В числе особо отличившихся на экзамене значился и Константин Федорович Юон, ныне заслуженный деятель искусств.
После томительного трехдневного ожидания, наконец, нам было объявлено о принятии нас в Училище.
Не знаю, как чувствовали себя другие, но когда я, с сознанием своих прав, поднимался в Училище по круглой лестнице, украшенной античными фигурами, — едва ли в Москве был кто-либо счастливее меня.
Запах красок, лака, фиксатива на бензине, который чувствовался в классах, казался мне выше всех ароматов в мире, а дым в курилке — фимиамом, возносившим наши мечты к подножию греческих божеств.
Классические формы, заполнявшие Училище, простота их линий, загадочность светотени (что я уже начинал смутно постигать) кружили голову и приводили в экстаз.
Продолжая в стиле, присущем тогдашнему моему настроению, я бы сказал, что и преподаватели-художники казались мне чуть ли не полубожествами.
Вот они, жрецы, постигнувшие тайны искусства, все знающие, и все умеющие. Перед ними я готов был преклоняться с мольбой: ‘Научите и меня, утолите жажду, дайте испить из вечного источника, откуда и вы почерпнули радость и горе своего бытия!’ Смешно, но тот, кто не переживал таких минут, пусть не стучится в двери, за которыми царит искусство! Говоря откровенно, я много бы отдал теперь, чтобы хоть на время пережить былую восторженность и упоение — первую чистую и бескорыстную любовь к искусству.
Собравшись на первый урок, мы, вновь, поступившие, расспрашивали о Касаткине, нашем преподавателе, но его тогда мало еще кто знал, а я не видал ни одной его работы.
В начале урока незаметно появился среди учащихся и сам преподаватель — Касаткин, по внешности ничего художественного из себя не представлявший. Встретив в другом месте, я скорее бы почел его за банковского служащего. Небольшого роста, с короткой — клинышком — бородкой, с глазами слегка навыкате и короткими волосами. Деликатная улыбка, в движениях осторожность. От всей фигуры веяло особой корректностью.
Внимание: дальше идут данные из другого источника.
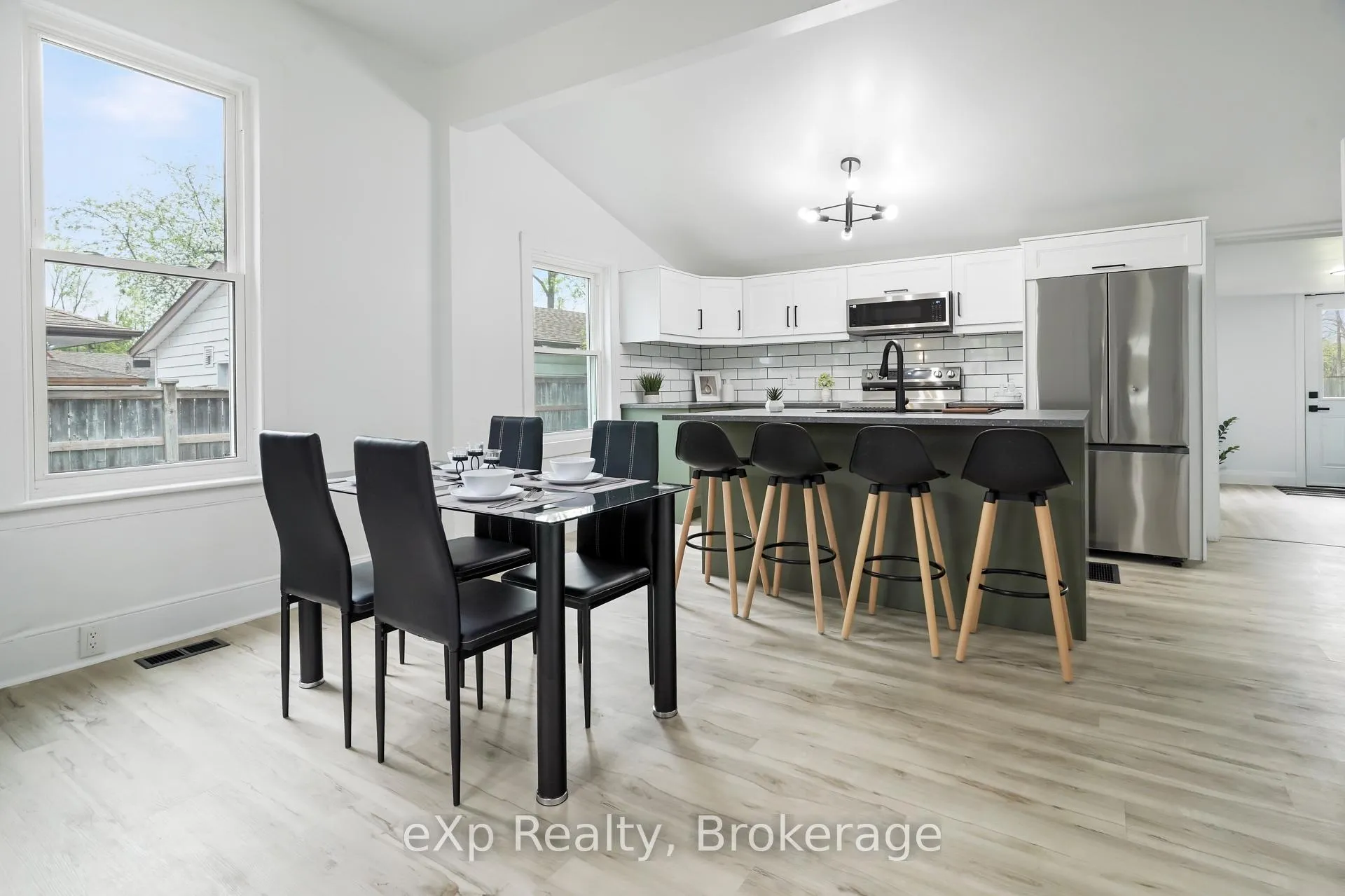 Photo 9 of 867 Devine Street, Sarnia — HOMEH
Касаткин вынул из кармана лист бумаги и прочитал по нему вступительную речь. Читал ровно, на вид спокойно, без запинки, но и без подъема, немного как бы вкрадчивым голосом.
В речи говорилось о задачах школы, о роли преподавателя в ней и о наших обязанностях. Походило все на письменный договор, заключенный между учащимися и школой.
— Вы, — читал Касаткин, — подобно пассажирам, наметив конечную цель для своей поездки, сели в вагон и отдались на волю машиниста, который повезет вас к желаемому вами пункту. Теперь вы должны признать все правила железной дороги и подчиниться требованиям сопровождающего вас кондуктора.
Своим выступлением, своею сдержанностью он немного расхолодил нас, горевших видеть и слышать нечто необыкновенное. Наши пылкие головы учитель как бы покропил холодной водой.
Для рисования он поставил геометрические, сухие орнаменты.
Делать было нечего, пришлось усесться за папки и рисовать то, от чего мы уже ушли вперед, готовясь к экзамену для поступления в Училище.
Заскрипели карандаши, уголь. Касаткин обходил всех и вносил поправки, применяя даже маленькую линейку.
Мне с первых же дней повезло в классе. С хорошей подготовкой и энтузиазмом в работе, я легко справлялся с заданиями и получал отличные отметки.
Преподаватель обратил на меня внимание, часто беседовал со мной на перемене. Спросил меня, где я учился рисованию до поступления в школу. Я в шутку ответил, что в школе же, на экзаменах, где меня четыре раза не принимали.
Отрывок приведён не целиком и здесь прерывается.